Many of your poems in ANCIENT LIGHTS are concerned with time and memory. How do you use memory as a muse? When you revisit a memory in a poem, what does it feel like to you?

I never seek out memory consciously as some kind of goad to inspiration. I can only write in response to a jolt from inside or out and long periods may pass between such events. Then a small linkage of words or a complete line will simply appear, often enough in the midst of a sequence of completely unconnected thinking. Many poems begin when I’m driving on my own. The pairing of concentrated attention behind the wheel and the freewheeling bundles of random thoughts stimulated by music that might be playing or by the passing scene seems to provide particularly fertile conditions for the start of a poem. It’s within this kind of creative context that memory might interpose itself at some point. So there’s no conscious attempt to site an emergent poem in some recollection of the past: if it’s going to happen it will simply happen. But when it does the greater likelihood is that a first draft of the poem will be completed swiftly and its emergence will carry with it an immediate and commanding emotional charge.
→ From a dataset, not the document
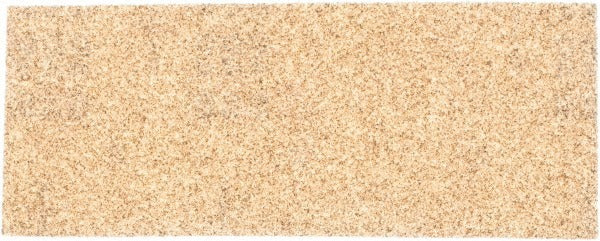 TRU-MAXX Tru-maxx 10122-100-MSCT Sanding Sheet 60 Grit Aluminum Oxide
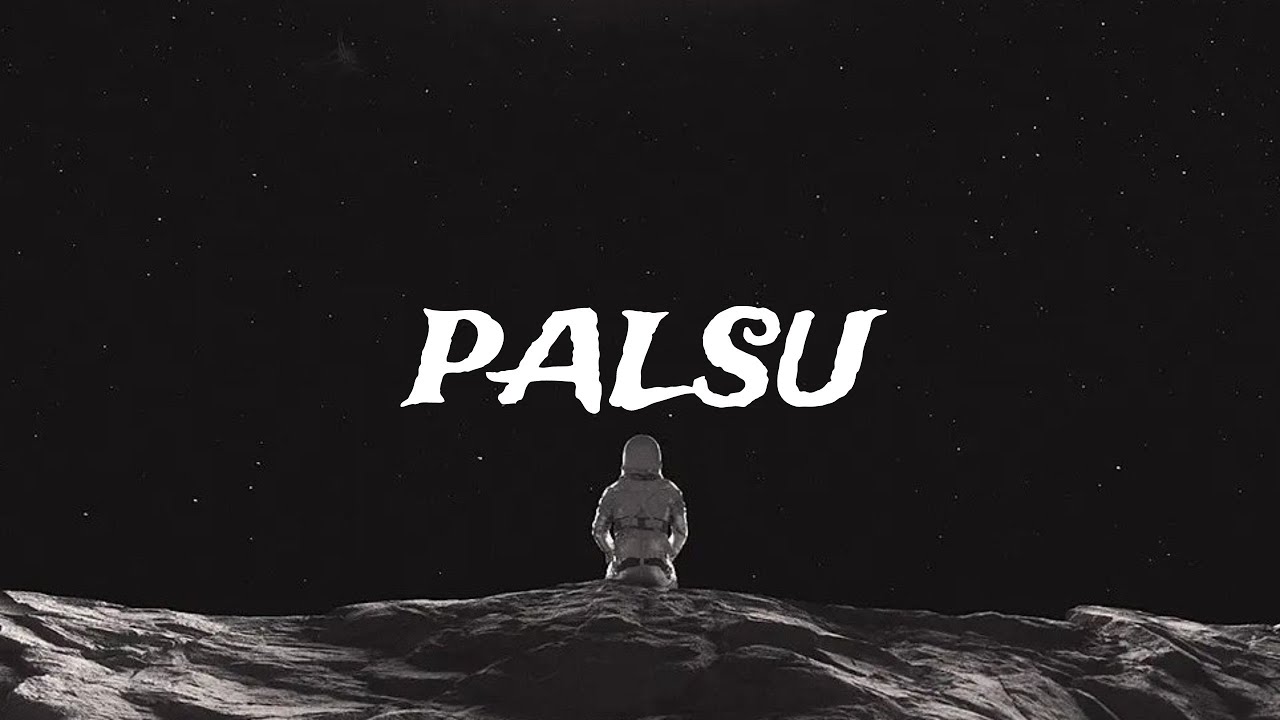 Watch Ofits - Palsu (Lyric Video) on YouTube Watch Ofits - Palsu (Lyric Video) on YouTube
There’s an example of this in the writing of In The Daubigny Chapel. I was driving from Hertfordshire to Hampshire, a journey of about two-and-a-half hours along linked motorways alongside which the changing topography is very apparent as the time passes. A CD of Brian Eno’s Discreet Music was playing – unobtrusive, as it was designed to be, yet evoking an atmosphere of contemplation and reflection. Around me the great flat fields of the East gave way to the hills of the Southern downs. And at some point out of nowhere a line came into my head: Mice are in the organ loft. I can hear their scratch and scatter… Instantly I knew in what church that organ loft was situated and what scene from my past was unfolding beneath it. Within 20 to 30 minutes I had the first nine-line stanza composed and when I stopped for fuel I quickly wrote it down. By the time I reached my destination I had the second stanza in place and I scribbled it into my notebook before conducting the business in hand.

And then most of the way home I pondered what had happened – how out of nowhere a line had materialised, followed rapidly by a sequence of supporting lines all following a narrative course culminating in a conclusion, the whole linking long-past experience with present perception. The poem had evolved with a kind of steady urgency, its intrinsic mood and atmosphere developing with the falling of the verses and now, as I drove home, I was gripped by the resonance of the memories contained within it and their significance to me now decades later. It was as if the poem had performed a kind of partial decoding process, encapsulating an isolated sequence of events, undramatic in themselves at the time but clearly of considerable moment within a much broader, deeper consciousness now. It’s in this kind of way that memory and time underpin much of my poetry – unbidden and yet compelling in its essence and purposeful in the process of its composition.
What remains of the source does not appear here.